Ok, my opinion will not be popular but thought I would give it as an opposing suggestion. Obviously i'm not going through this or ever have done in RL but hypothetically speaking I would now want to cause minimum disruption in my family's life. If it was me I would decide that the baby IS om's, realise that if I had the baby that om would always be connected to our family's life, know how much this would hurt DH, understand that it could potentially cause a break-up or seriously rock the boat despite being newly reconciled and I would arrange the appointment at the drs. I would have the termination and just deal with it afterwards. I would be selfish and put me and my family first. DH only needs to know if you tell him. Dishonest (again), yes, but could be self preservation and should be for the last time. A very hard decision but for me there would only be one decision.

warthog · 06/06/2007 07:58

bb2, that is some pretty serious fallout she'd have to deal with. and she wouldn't be able to share it.

babyblue2 · 06/06/2007 08:03

I understand that, it depends on whether she's strong enough to cope on her own and how she feels about it. I'm just going on how i'd react and cope.

ernest · 06/06/2007 08:05

babyblue, a few others have also said the same thing! No need to duck.

I understand where you're coming from with this idea, but I don't think it's that simple, I really don't (unfortunately).

Donnadell, how did the talk go with dh last night, and how are you both this morning?

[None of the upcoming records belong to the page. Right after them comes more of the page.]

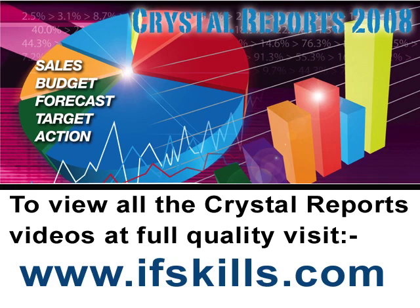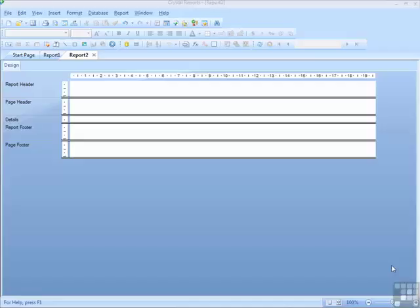This video is just a short extract from the entire course. If you wish to see all of the videos from this series at higher quality and in far larger screen size, head over to ifskills.com.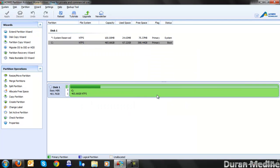I'll show you what it's good for. You can manage any disk drive that's installed on your computer. If you have a SSD or a hard drive, you can manage certain partitions.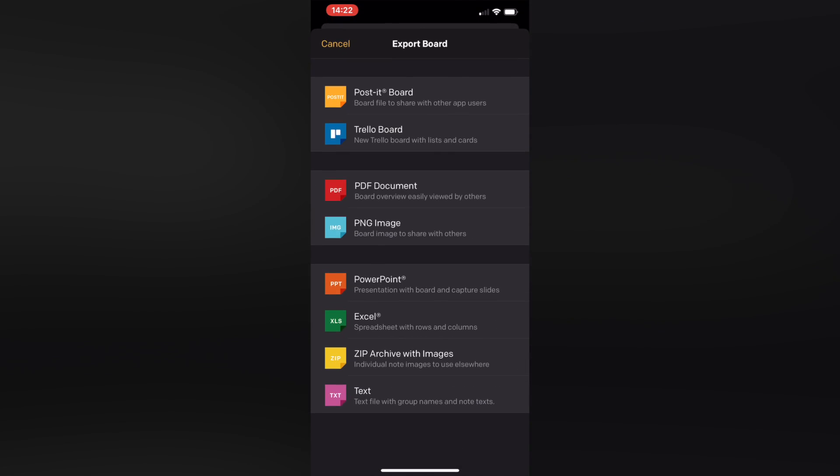The next thing you can do is export your board as a PDF, to another Post-it board, or to a Trello board. But the thing is, you have to process it further in other tools — there is only the Post-it app. So I would prefer to have it directly available in my other tools that I'm using for task management and so on. This is where Miro comes in.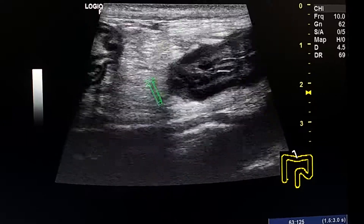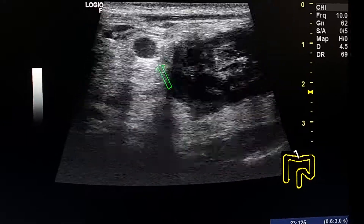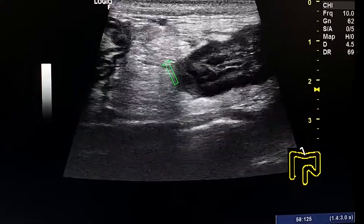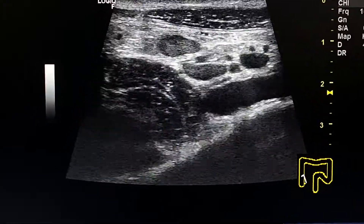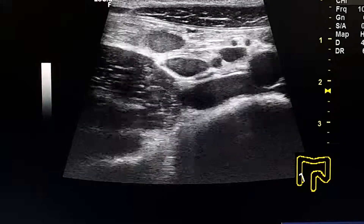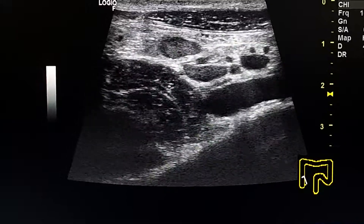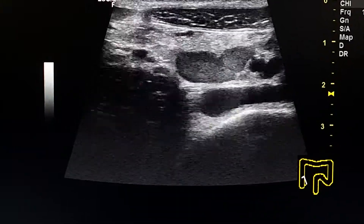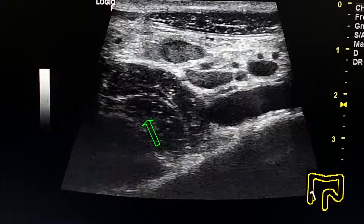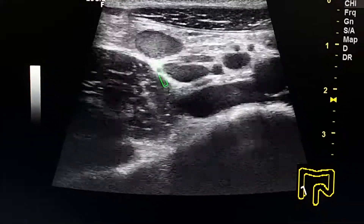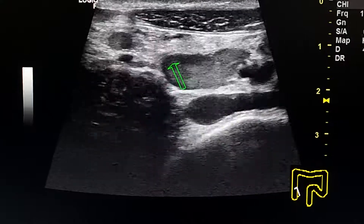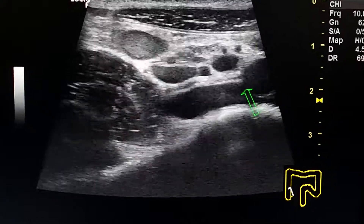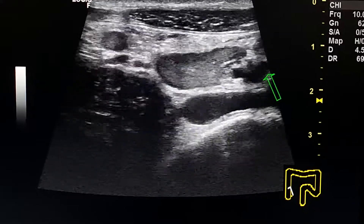We see echogenic fat and reactive lymph nodes. This is the right iliac fossa. We see mesenteric lymph nodes and the psoas muscle. These are enlarged mesenteric lymph nodes in the right iliac fossa.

It is a nightmare situation to be in, I'm sure no one envies you it My dh had an affair recently, and also didn't use condoms. My fear on finding out, well, obviously one of the MAny, was a. std & b. the ow getting pg. The thought of a baby coming from this was terrible and terrifying. Luckily for us it hasn't, but for you, unluckily it has, but worst of all, it could well be your husband's of course. A dating scan presumably won't help.

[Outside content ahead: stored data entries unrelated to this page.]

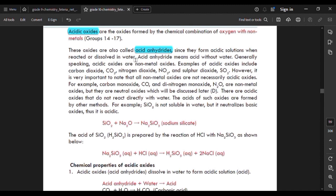When the oxide is dissolved in water, it will dissolve and form an acid. Generally speaking, acidic oxides are non-metallic oxides.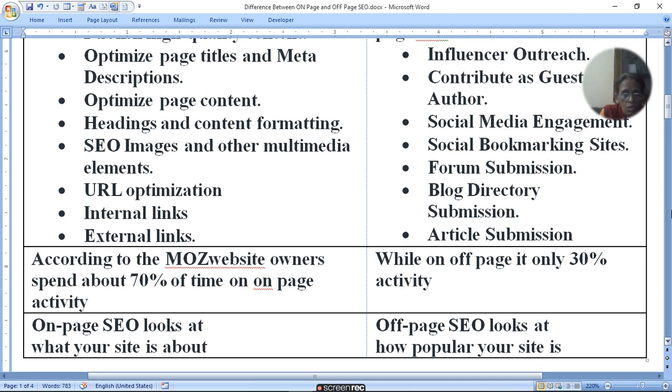On-page SEO looks at what your site is about, and off-page SEO looks at how popular your site is.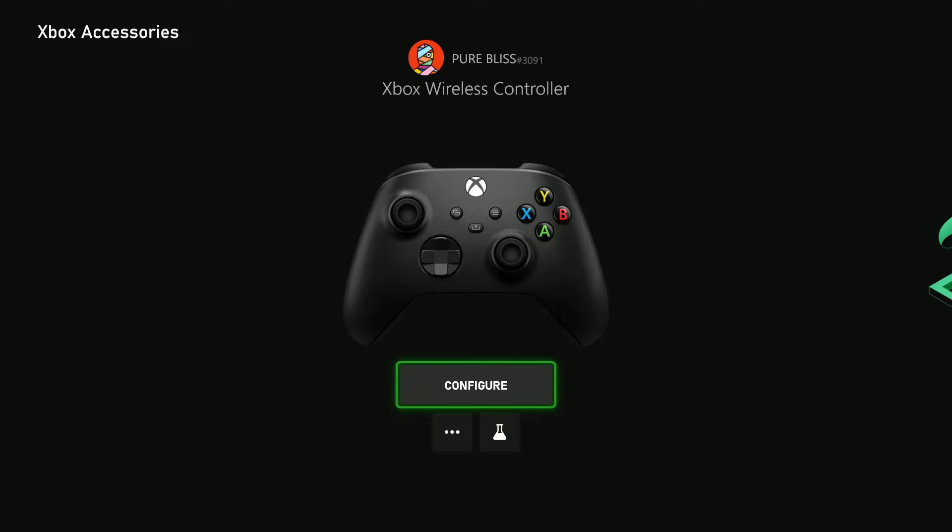That's basically it on how to update your Xbox wireless controller. Thanks for watching. If you have any questions, leave them down in the comment section below. If you found this video useful, consider leaving a like and subscribe to the channel.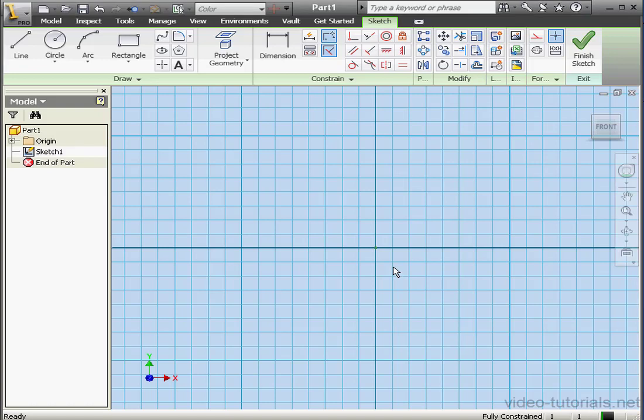Welcome to our tutorial about using the Sweep Tool's Guide Surface option. If you need to review the basic functions of the Sweep Tool, please see Volume 1 in this course. Let me begin by zooming in a little bit.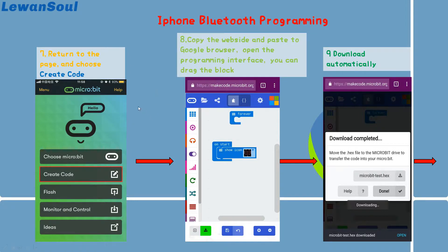After that, you need to return to the page and choose Create Code. Here I want to say the browser you need to choose is Google. Copy the website and paste it to the Google browser. Open the programming interface. You can drag the blocks to write your own program. If you want to download it, you can click this button, and then it will download automatically.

I don't know if you've already done it (talked to your dh & told him) and I can imagine it would be the hardest conversation of your life, possibly worse than the actualy affair revalation itself, but I think it's soemthing you have to do. Speaking as the "wronged wife", finding out about the affair was terrible, but any hint of being economical with the truth, lying, deception after the discovery, even something unrelated, like having a sly cigarrette, was just too much to bear. I really honestly think you have to take the chance and come clean. Running off and having a secret abortion might seem like the 'easy' option, but when your husband finds out, and I'm sure he would at some point, adding more lies to this mess would be too much for him to bear. The baby after all, might be his.

I don't envy you at all. I hope it works out for the best, and that your family survive this.

caterpiller · 06/06/2007 08:12

I have to say, I agree with you Babyblue.
For the sake of your husband and your children and your marriage, I think the only option is a termination, without telling him. What would it achieve telling him? Maybe you owe it to everyone to put this right alone, and say no more about it. I get the feeling that it the om probably IS the father and anyway, how could you live with not knowing?

TaylorsMummy · 06/06/2007 08:22

i agree.that's what i would do too.

sockmonkey · 06/06/2007 08:32

I don't normally post in situations like this, I just think that there are too many voices pushing for an abortion. The baby is innocent in all this. Donnadell has made a huge mistake and living with the consiquences of what she has done is part of it. She said on her OP that she couldn't face an abortion, and we should respect those feelings.

TaylorsMummy · 06/06/2007 08:36

it's not a baby at 8 weeks though is it??

the op needs to be thinking long term,what this mean for her family and for any child that is born in to this mess.